The conclusions drawn without a single American has been consulted in the matter. BSA has not contacted either the Swedish company, vendor or computer users in the process of investigation. Both the rate and loss figures for Sweden are built on flat fees and estimates, in turn, based on market research in other countries.

Further, the calculation of the industry’s losses to all the pirated versions of any program on the Swedish market would yield full license revenue for software companies – that is entirely hypothetical figures.

There’s no shortage of people who have argued for years that one download does not equal one lost sale. This latest revelation, for those that have been arguing this, seems to only confirm what they have believed for quite some time – even if it is just the study for Sweden.

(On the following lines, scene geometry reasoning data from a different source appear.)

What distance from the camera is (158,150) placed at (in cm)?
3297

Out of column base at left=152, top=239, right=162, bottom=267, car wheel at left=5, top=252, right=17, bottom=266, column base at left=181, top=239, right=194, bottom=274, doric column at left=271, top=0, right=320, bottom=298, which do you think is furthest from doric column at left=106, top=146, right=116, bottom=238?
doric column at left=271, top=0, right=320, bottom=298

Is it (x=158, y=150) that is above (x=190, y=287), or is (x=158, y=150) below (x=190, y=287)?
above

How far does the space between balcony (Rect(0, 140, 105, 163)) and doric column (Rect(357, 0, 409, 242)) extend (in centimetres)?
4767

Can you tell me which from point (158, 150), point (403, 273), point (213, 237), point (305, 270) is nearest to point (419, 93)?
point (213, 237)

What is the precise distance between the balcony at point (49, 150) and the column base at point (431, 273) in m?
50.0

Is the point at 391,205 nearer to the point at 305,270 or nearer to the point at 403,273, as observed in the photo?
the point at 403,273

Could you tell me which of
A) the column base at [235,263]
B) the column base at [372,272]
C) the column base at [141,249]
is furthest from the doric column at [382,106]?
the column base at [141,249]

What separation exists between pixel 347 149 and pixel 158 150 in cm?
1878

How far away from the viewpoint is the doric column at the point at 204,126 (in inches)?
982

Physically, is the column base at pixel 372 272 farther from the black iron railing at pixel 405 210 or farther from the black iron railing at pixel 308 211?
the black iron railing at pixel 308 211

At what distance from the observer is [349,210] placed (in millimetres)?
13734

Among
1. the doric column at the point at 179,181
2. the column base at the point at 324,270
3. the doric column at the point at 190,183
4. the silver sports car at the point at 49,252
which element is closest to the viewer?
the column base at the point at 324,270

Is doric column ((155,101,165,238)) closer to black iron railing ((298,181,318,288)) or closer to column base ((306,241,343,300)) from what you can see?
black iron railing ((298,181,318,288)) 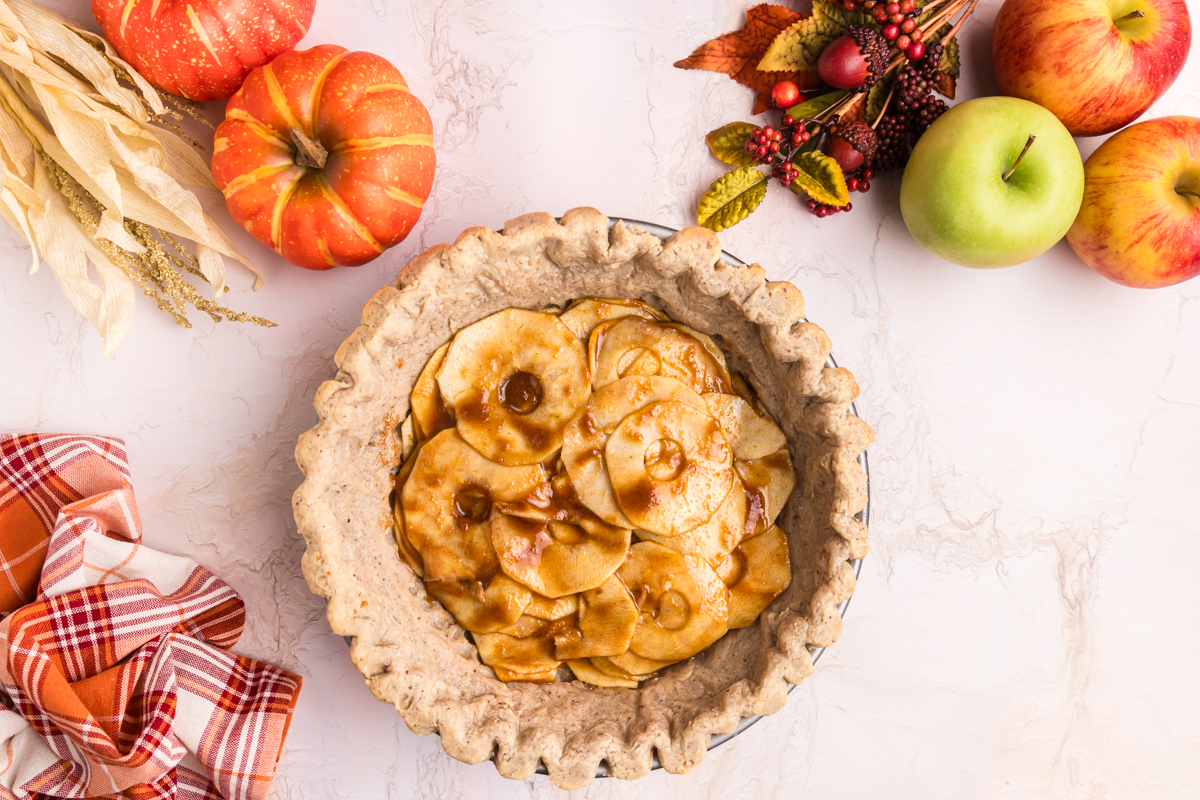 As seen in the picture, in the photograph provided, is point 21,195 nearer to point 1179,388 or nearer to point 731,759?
point 731,759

Already, there’s been some notable discrepancies between IFPI piracy statistics and the need to put Canada on a “Special 301 report” priority watch list, not to mention the fact that the Special 301 report put Canada on a priority watch list gave some people reason to doubt the USTR reports accuracy entirely.

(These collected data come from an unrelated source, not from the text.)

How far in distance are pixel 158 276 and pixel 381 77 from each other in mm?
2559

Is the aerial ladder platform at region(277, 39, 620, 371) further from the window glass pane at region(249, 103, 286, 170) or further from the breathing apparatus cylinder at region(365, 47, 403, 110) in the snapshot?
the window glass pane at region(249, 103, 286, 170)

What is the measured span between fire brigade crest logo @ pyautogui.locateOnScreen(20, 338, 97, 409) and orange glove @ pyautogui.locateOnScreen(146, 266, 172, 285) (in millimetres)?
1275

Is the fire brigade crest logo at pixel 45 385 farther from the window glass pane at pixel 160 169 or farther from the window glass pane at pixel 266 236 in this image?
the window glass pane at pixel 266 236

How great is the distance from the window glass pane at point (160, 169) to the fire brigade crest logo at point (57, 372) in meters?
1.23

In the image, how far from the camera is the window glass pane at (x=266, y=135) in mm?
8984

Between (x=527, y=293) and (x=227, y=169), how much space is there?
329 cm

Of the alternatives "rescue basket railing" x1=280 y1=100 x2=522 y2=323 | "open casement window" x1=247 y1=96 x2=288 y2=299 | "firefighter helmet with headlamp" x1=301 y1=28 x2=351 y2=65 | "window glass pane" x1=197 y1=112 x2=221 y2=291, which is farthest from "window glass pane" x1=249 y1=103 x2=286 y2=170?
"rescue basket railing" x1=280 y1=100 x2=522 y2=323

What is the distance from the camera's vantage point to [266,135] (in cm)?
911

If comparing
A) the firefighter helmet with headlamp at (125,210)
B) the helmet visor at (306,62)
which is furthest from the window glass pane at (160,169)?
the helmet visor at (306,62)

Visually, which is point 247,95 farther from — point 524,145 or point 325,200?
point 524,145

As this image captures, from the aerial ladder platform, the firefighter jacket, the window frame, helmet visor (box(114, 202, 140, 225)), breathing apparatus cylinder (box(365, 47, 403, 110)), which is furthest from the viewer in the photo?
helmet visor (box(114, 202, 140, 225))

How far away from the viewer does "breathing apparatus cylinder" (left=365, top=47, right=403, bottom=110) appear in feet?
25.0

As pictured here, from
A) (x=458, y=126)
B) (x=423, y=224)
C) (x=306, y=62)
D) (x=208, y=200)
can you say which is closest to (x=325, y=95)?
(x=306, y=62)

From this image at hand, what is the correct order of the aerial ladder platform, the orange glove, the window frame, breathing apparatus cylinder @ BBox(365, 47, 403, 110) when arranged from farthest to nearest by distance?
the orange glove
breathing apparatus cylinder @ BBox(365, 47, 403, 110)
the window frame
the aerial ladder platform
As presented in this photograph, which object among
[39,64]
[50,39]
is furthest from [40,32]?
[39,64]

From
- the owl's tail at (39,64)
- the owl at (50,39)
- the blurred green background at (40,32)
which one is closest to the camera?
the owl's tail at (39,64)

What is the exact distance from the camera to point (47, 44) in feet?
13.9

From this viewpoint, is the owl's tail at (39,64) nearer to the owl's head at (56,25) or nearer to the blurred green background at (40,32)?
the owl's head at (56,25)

Perhaps it’s a good thing that the copyright industry is getting the United States to put in place a law that would force the government to pressure other countries into, among other things, reform copyright laws to the copyright industry’s standards because the math behind the numbers to prove the copyright industries point are increasingly looking like they aren’t really adding up. But at the very least, the BSA had the courage to admit this, so that deserves some credit, right?

[Hat tip: Michael Geist]

Drew Wilson on Twitter: @icecube85 and Google+.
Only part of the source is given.